Hydrocarbon shows were encountered while drilling the Tertiary Chilou and Cretaceous Massive formations. Wireline logs indicated a gross hydrocarbon interval of 31 meters and a net hydrocarbon interval of approximately 22.5 meters in the Massive formation. The presence of hydrocarbon in the Massive formation was confirmed by a wireline formation sampler, which retrieved a sample of 21 degree API gravity oil to surface. Wireline logs indicated a potential net hydrocarbon interval of approximately 26.4 meters in the Chilou formation of which some 19 meters are contiguous in the top of the Chilou 'B' formation. A wireline formation pressure sampler could not be run to confirm the presence of hydrocarbon in the Chilou formation as the sampler tools available were not suitable for large diameter well bores.
The well has reached a total drilling depth of 3,800 meters. Wireline logging indicated additional potential hydrocarbon intervals in the Triassic formations. Several intervals have been identified in the well for potential production testing which is expected to commence shortly. However, there is a possibility that the shallow zones may not be production tested in this well due to a combination of the mechanical configuration of the shallow casing strings and the rig availability, which may require the Crosco 602 rig to be demobilized from the Khurbet East No.1 location prior to testing all the intervals identified for potential production testing. Any intervals not tested in this well may be production tested at a later date using a workover rig.
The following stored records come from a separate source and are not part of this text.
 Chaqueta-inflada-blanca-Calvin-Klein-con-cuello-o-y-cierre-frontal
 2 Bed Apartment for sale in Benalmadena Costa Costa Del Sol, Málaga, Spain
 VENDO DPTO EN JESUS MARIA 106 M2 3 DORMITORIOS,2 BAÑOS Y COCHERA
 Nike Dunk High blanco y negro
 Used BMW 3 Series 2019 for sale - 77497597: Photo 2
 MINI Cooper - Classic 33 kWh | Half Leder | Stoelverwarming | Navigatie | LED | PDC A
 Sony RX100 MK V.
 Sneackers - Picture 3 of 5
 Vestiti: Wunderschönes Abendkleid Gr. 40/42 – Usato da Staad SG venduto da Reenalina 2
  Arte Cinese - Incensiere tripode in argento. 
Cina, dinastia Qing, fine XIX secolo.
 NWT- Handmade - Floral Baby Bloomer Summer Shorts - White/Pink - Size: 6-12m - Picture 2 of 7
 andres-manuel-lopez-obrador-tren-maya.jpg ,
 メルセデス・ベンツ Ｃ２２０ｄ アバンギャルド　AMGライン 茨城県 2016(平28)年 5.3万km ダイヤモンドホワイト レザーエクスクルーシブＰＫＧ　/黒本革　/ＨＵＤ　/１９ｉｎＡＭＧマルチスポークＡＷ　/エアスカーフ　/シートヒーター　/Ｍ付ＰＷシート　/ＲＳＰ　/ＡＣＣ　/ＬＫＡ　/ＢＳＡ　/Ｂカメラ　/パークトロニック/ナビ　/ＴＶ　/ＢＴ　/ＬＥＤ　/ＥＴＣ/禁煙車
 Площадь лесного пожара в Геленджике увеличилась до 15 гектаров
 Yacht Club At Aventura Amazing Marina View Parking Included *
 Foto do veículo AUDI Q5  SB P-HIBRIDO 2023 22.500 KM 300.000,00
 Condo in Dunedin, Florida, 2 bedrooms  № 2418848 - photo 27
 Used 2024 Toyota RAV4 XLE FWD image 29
Immediately after completing operations on Khurbet East No.1, the Crosco 602 rig is planned to drill an appraisal well, Khurbet East No.2, on the Khurbet East prospect, with the main objective of appraising and testing the potential hydrocarbon accumulations in the Chilou and Massive formations. This well will also complete the minimum work obligation for the initial exploration phase in the block.
Angus MacAskill, Emerald's Chief Executive Officer, said:
"We are very pleased with the enhanced production in Colombia following workover activities, and look forward to additional production from the latest Campo Rico development well. In exploration, we are very encouraged by progress with the Khurbet East No.1 well in Syria and look forward to further activity both in Syria and in the new contract areas in Colombia."